На краю (Исаев) - страница 78

…Березницкий сад в тумане угадывался крепким запахом вызревших яблок — после недавней удушливой резеды этот, яблочный, как очищение — теплый, уютный, с кислинкой.


«И скажи, не побоялись. Взяли и срезали закупочные цены чуть не в пятнадцать раз, круто взяли. А подумать — нас ли им бояться? Как Бицура заворачивал. И что? Да ничего! Ходит себе, и никто в него слова поганого не кинет. Э-эх, такой, видать, мы народ — все стерпим, все сдюжим — не нахмуримся. Делай с нами что хошь — лишь бы всех не перебили, лишь бы кто остался, а мы снова возьмемся, снова подымемся, дружно навалимся, захрипим — такой у нас характер». — Николай улыбнулся никак не получавшейся у него сегодня улыбкой, прикрикнул на едва тащившуюся лошадь, а та и вовсе остановилась.

3

В старую пуню зашли на ощупь — до того непролазный и густой был туман. Именно здесь они облюбовали себе место для свиданий, потому что именно сюда пришло и осталось тут прошедшее счастливое лето. А с ним и их воспоминания о счастливых встречах. Они от лета ни на шаг: оно в пуню — и они следом за ним.

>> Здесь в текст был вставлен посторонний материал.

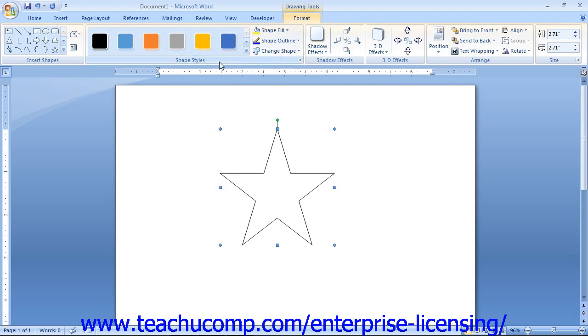Back in the Shape Styles group on the Format tab, you will see the Change Shape button. You can replace the selected shape with another shape by clicking this button and then choosing the replacement shape from the listing of shapes shown.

Лето хранило и следы тяжких сапог отца Антонины, который выслеживал их в лугах, лесах, в саду, не уставал, дошагивал до самой Белой горы, до Висклей дальних — все чудилось ему: вот-вот настигнет, вот кинется с кулаками да кнутом на обоих.

«Ляховы» — для отца было слово страшное. При упоминании о них он делался сам не свой: губы белели, превращались в белую, будто мелом прочерченную по его лицу полоску, глаза свирепели, ноздри начинали ходить ходуном.

Антонина пугалась Бицуру в такие минуты, пыталась отвлечь его разгоряченное сознание. Но того будто заклинивало на одном: не допустить даже упоминать Ляховых в их доме. Она уже знала — ничего хорошего не будет, и уходила, убегала из дома — от греха подальше.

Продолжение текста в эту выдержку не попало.